La alarma por el aumento del precio del aceite me retrotrae a los tiempos cuando el aceite se vendía a granel y precisamente en Barcelona existía un gremio exclusivo de aceites y jabones, sus enormes bidones metálicos de 250 kilos en la entrada del local eran el santo y seña de su actividad que a su vez suponía exclusividad en el barrio, encontrar el mejor aceite y el medidor menos trucado era labor que las expertas amas de casa tenían a gala contando además con que la temperatura alteraba la densidad, no siendo lo mismo comprar el aceite en invierno o en verano. En aquella época comprar medio litro de aceite o un cuarto de litro era tan normal como pedir cuarto y mitad de tocino, bacalao, garbanzos o huesos para el caldo.

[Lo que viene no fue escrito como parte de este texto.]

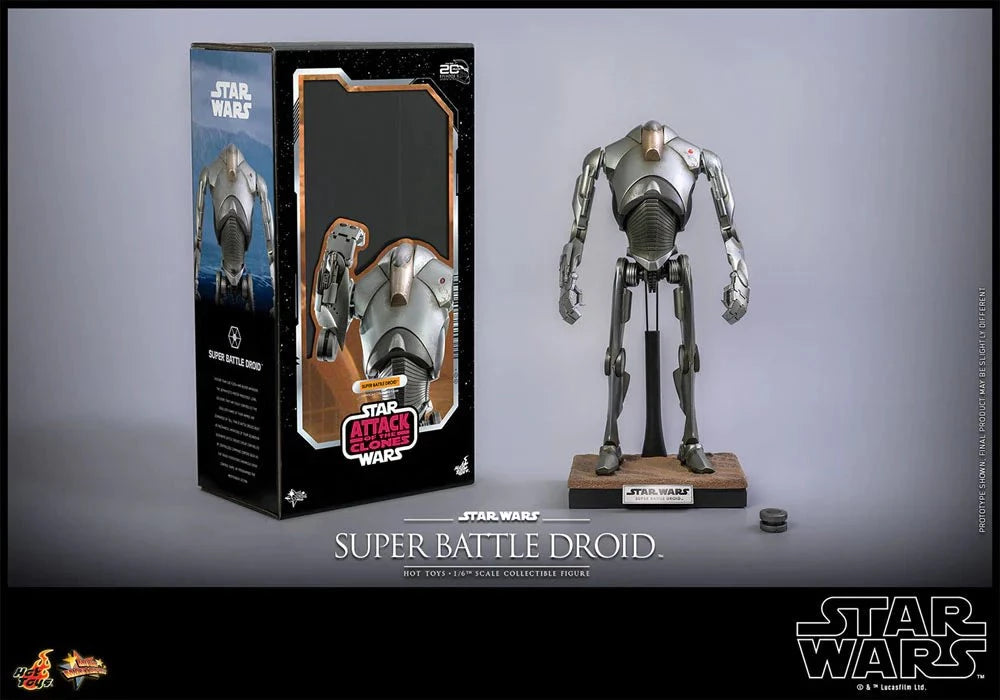 Battle droid action outlet figures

Las nuevas generaciones que no conocieron la cartilla del racionamiento no pueden valorar lo que supuso tener medio litro de aceite y un kilo de harina en la despensa, ni siquiera lo que podía conseguirse con un saquito de patatas o de qué manera el cocido era una acordeón que podía encogerse o estirarse según el número de comensales, tampoco degustaron despaciosamente una onza de chocolate, ni secaron al sol las pipas de los melones, ni fueron con su madre a por las bandejas del horno para preparar las perrunillas y los mantecados. Todo esto me viene a la cabeza desde mi perspectiva de los ochenta años cuando las familias de cuatro y cinco hijos eran normales, cuando el jabón se hacía con las grasas sobrantes de la cocina, las pinzas de la ropa tenían muescas y señales para no confundirlas con las vecinas, cuando las sabanas eran las placas solares del momento y la lata de cinco litros al alcance de muy pocos pasó a llamarse “zafra” como signo de ostentación y poderío económico.

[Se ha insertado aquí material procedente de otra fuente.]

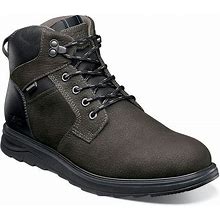 Nunn Bush® Luxor Men's Waterproof Leather Ankle Boots, Size: 9, Grey
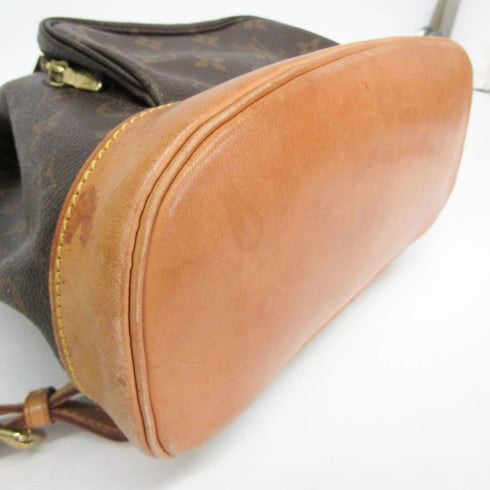 Vintage Montsouris Backpack Monogram Canvas MM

Los que venimos del tiempo en el que las privaciones daban paso al ingeniono dejamos de sorprendernos por la alarma creada, la generación del “caldito” como bebida tonificante, las croquetas, las empanadillas y las macedonias fueron fruto del aprovechamiento, de cuando el agua se acarreaba a golpe de cántaro y no hacía falta advertir del consumo racional, de cuando la ropa pasaba de unos hermanos a otros hasta el infinito o cuando llamar por teléfono representaba una demora de varias horas.
Si con todo esto los de mi generación hemos sobrevivido no entiendo el porqué de tantas alarmas, muchos de los traumas que padece la sociedad serían perfectamente compensados bajando algunos escalones de esa sinrazón que llamamos status social y entender que el despilfarro es unpréstamo que exigimos al banco llamado naturaleza que se recobrará con unos intereses difíciles de compensar.